Nas últimas semanas, as grandes empresas de tecnologia que disputam a vanguarda do mercado de agentes impulsionados por inteligência artificial lançaram atualizações de seus modelos, incluindo aqueles que geram imagens e vídeos. A qualidade dos novos produtos tem fomentado debate, burburinho e situações que deixam até mesmo os mais atentos na dúvida. Influenciadores da área de IA que conseguem operar com um conjunto de ferramentas para extrair o máximo delas têm aproveitado o limiar entre a realidade e a fantasia para criar engajamento e viralizar no Instagram.

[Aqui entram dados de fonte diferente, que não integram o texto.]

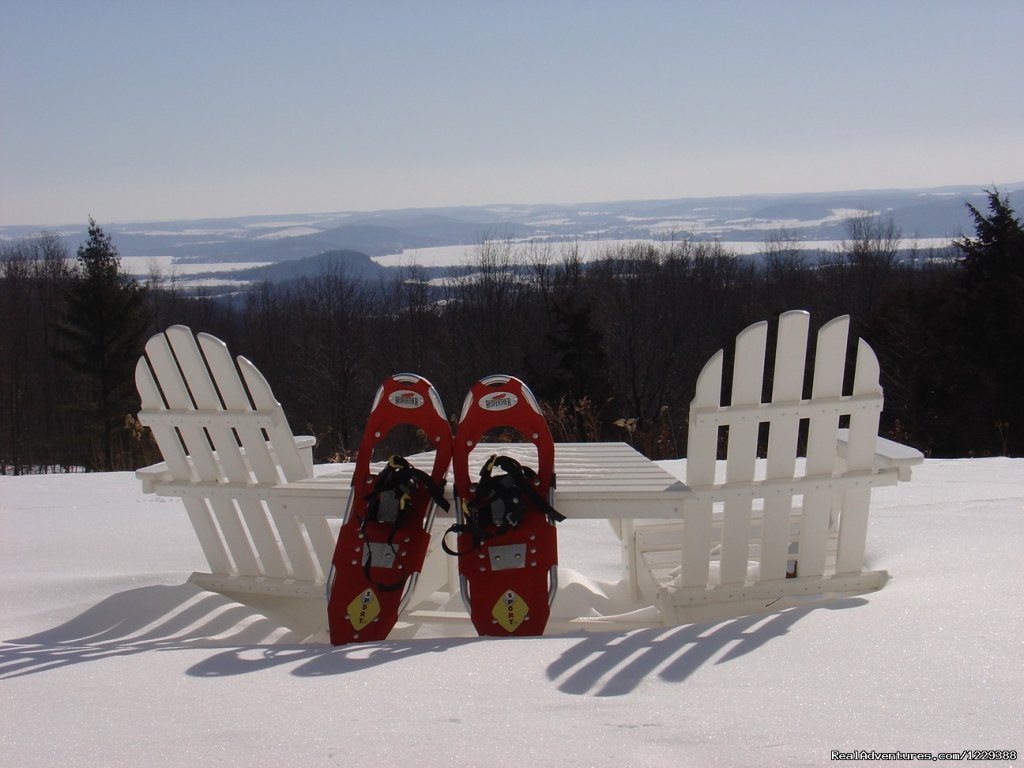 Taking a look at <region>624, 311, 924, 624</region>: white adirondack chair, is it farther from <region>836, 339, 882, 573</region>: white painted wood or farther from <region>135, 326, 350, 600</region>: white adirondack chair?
<region>135, 326, 350, 600</region>: white adirondack chair

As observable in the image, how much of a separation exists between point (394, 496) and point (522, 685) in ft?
4.43

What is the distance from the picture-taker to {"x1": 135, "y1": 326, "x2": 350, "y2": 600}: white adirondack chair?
146 inches

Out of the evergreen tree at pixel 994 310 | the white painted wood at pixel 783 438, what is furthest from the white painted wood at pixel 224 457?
the evergreen tree at pixel 994 310

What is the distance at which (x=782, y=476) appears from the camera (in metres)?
3.46

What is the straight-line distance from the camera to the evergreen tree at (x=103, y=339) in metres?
36.7

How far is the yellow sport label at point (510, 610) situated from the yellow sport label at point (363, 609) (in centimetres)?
43

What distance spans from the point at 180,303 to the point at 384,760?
196 ft

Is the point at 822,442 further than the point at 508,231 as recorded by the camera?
No

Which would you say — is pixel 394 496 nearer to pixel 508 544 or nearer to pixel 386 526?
pixel 386 526

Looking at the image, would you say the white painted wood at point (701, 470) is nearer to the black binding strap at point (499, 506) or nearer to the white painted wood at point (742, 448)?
the white painted wood at point (742, 448)

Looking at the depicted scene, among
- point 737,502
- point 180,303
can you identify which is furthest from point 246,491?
point 180,303

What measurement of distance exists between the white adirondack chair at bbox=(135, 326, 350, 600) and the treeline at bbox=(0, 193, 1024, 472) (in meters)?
32.8

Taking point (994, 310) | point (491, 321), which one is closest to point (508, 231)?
point (491, 321)

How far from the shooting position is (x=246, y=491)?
3.78 meters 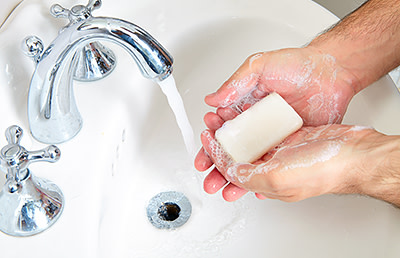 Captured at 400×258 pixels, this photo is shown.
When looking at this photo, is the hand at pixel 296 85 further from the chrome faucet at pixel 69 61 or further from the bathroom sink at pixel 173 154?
the chrome faucet at pixel 69 61

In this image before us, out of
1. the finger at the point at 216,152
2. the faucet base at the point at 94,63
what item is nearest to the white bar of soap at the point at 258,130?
the finger at the point at 216,152

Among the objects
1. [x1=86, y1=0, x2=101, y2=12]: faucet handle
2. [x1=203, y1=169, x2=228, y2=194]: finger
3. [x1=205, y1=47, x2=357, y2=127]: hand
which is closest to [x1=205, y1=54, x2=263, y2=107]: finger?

“Em um mundo no qual o limiar entre o real e a manipulação fica cada vez menos perceptível, não é razoável que uma lei, em nome da praticidade, deixe tão frouxo o controle sobre a vontade real de transferência ou de venda de um veículo; a originalidade e autenticidade da documentação apresentada e do carro vistoriado poderão trazer muitas incertezas”, conclui Garroux.